30 Ocak 2009 Cuma

İyi ki doğdun Kutsibacıkk!

Şimdi Fatma ben nereden başlayayım “biz”i anlatmaya?
İlkokul günlerine uzanayım istersen…Bahçede koşturan ufak tefek küt sarı saçlı kızı anlatsın cümleler:) O zamanlar seni cadı diye tanımlardım ben:P Her yanda karşıma çıkar “öğretmenim ben, ben!” diye parmak kaldırırdınız Fatma ile…Fatma’ya gıcıktım ben bilirsin o rüzgar gülü olayından sonra:D Sana da gıcık olurdum da tanıyor muydum ki seni?ı-ıh
Sonra zaman geçti 8.sınıf olduk, yollarımız dershanede kesişti.Okulda pek mutlu değildim zaten dershane cennet gibi gelirdi… Ve orayı anlamlı kılan “tek” kişiydin sen:) Ben nasıl unuturum senin sınıfa hep 5 dk geç gelişlerini? Coğrafya öğretmenini neredeyse işinden edişimizi? Ve senin yegane, kahverengi, dershane için tasarlanmış kıyafetini:P Apogilin arkasına otururduk hep, arada bir rehberlik bölümüne uğrar uygulamayacak planlarla geri dönerdik:) Her teneffüste tahtaya bir geo sorusu yazan Emre arkadaşımıza ve onu çözmeye çalışan ahaliye kıkırdayarak gülerdik…
Sonra kader yollarımızı lisede de ayırmamış, öğretmen lisesi yollarını arşınlar olmuştuk.

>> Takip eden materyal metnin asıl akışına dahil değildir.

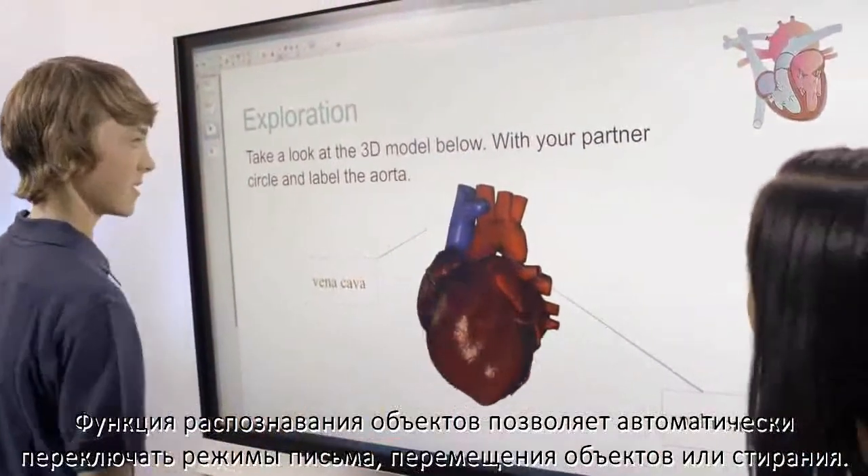Its object awareness feature means switching between writing, moving, and erasing is effortless.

Aynı odada bir yıl geçirmiştik Bucaklılar olarak:P Şimdi hatırladıkça gülerim ben o gazoz olayına, senin Stephen King okuyup gece korkulu anlar yaşayışına, Sivaslı kızlar gelmeden odaya ne yapacakları konusunu konuşup atıp tutmalarımıza, Peyami Hoca’ya küsüşlerine(İngilizcen çok iyi olabilirdi bak:P)
Sonra odalarımız ayrılmıştı tabi ama sınıfta görüşüyorduk maalesef:P
(Sayısal da sayısal diye gitmiştim yanına, sen bana TM seç derdin, şimdi “keşke..” diyorum arada sırada…)
Rukişle Nadiye’nin komik laflarını bulup nasıl arardı gözlerim seni, bilirdim senin de güleceğini:D
“Hangimiz uzun?” triplerine girerdik arada, itiraf ediyorum uzadın sen:D( ama fazla havalanma hala kısa standartlarındayız)
Anımsayamadım ama birinin annesi “ Benim kızım aklına uzamış” diyormuş, bence kendimizi böyle teselli edebiliriz :D

Hey gidiii…
Sınıfın DeliKadir’i…
Etüt aralarının delisi(oynayışlarını kastediyorum)
Okul bitti gitti işte ama hep söylerim benim lise arkadaşlarım başka diye…
Bizim bisiklete binişimiz başka…(bisikletimiz de başkaydı)
Kızışlarımız, küsüşlerimiz başka…
Arada diyordum gelseydi bu kız da Ankara’ya diye, arıyor insan ne bileyim:(
Ama hedefinin peşinden koştuğun ve istediğin yerde olduğun için mutluyum…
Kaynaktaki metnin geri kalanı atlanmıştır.